Variable Default Description
CHUNK_SIZE 1000 Characters per chunk
CHUNK_OVERLAP 200 Overlap between chunks

Documents Path

Variable Default Description
DOCUMENTS_PATH /app/documents Base directory

Upload Workflow

Complete Upload Flow

sequenceDiagram
    participant Client
    participant API
    participant FileLoader
    participant DocProcessor
    participant VectorStore
    
    Client->>API: POST /upload (file + metadata)
    API->>API: Validate file extension
    API->>FileLoader: save_uploaded_file()
    FileLoader->>FileLoader: Create directories
    FileLoader->>FileLoader: Write file
    FileLoader-->>API: saved_path
    
    alt auto_index=true
        API->>FileLoader: load_file()
        FileLoader-->>API: Document
        API->>VectorStore: index_documents([doc])
        VectorStore->>DocProcessor: chunk_documents()
        DocProcessor-->>VectorStore: chunks[]
        VectorStore-->>API: indexed_count
    end
    
    API-->>Client: LoadFileResponse

Save Uploaded File

def save_uploaded_file(self, file_content: bytes, filename: str,
                      asignatura: str, tipo_documento: str) -> Path:
    # Create directory structure
    dir_path = self.documents_path / asignatura / tipo_documento
    dir_path.mkdir(parents=True, exist_ok=True)
    
    # Save file
    file_path = dir_path / filename
    with open(file_path, 'wb') as f:
        f.write(file_content)
    
    return file_path

Best Practices

Chunk Size Selection

Use Case Chunk Size Overlap
Q&A 500-1000 100-200
Summarization 1500-2000 200-300
Code 1000-1500 100-150

Metadata Guidelines

Always include:

  • asignatura (required)
  • tipo_documento (required)
  • tema (recommended)
  • fuente (recommended)

File Naming

  • Use lowercase
  • Replace spaces with hyphens
  • Avoid special characters
  • Include topic in name: tema1-conjuntos-difusos.pdf

Testing

Unit Tests

# tests/test_document_processor.py

def test_chunk_small_document():
    """Small documents should not be chunked."""
    processor = DocumentProcessor(chunk_size=1000)
    doc = Document(content="Short text", metadata=...)
    
    chunks = processor.chunk_document(doc)
    assert len(chunks) == 1
    assert chunks[0].content == "Short text"
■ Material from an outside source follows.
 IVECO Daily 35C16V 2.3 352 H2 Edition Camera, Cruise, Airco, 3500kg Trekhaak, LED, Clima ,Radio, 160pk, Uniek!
def test_chunk_large_document():
    """Large documents should be split."""
    processor = DocumentProcessor(chunk_size=100, chunk_overlap=20)
    doc = Document(content="x" * 500, metadata=...)
    
    chunks = processor.chunk_document(doc)
    assert len(chunks) > 1
    for chunk in chunks:
        assert len(chunk.content) <= 100 + 20  # Allow for overlap

File Loader Tests

# tests/test_file_loader.py

def test_load_text_file(tmp_path):
    # Create test file
    test_file = tmp_path / "test.txt"
    test_file.write_text("Test content")
    
    loader = FileLoader(str(tmp_path))
    doc = loader.load_text_file(test_file, metadata)
    
    assert doc.content == "Test content"
    assert doc.doc_id == "test"

Error Handling

Common Errors

Error Cause Solution
FileNotFoundError File doesn’t exist Check path
UnsupportedFileType Invalid extension Use supported format
PermissionError Can’t write Check permissions
PDFExtractionError Corrupt PDF Try different PDF

Validation

def _validate_file_extension(filename: str) -> str:
    extension = filename.split(".")[-1].lower()
    supported = ["txt", "pdf", "md", "markdown"]
    
    if extension not in supported:
        raise HTTPException(
            status_code=400,
            detail=f"Unsupported: {extension}. Use: {supported}"
        )
    
    return extension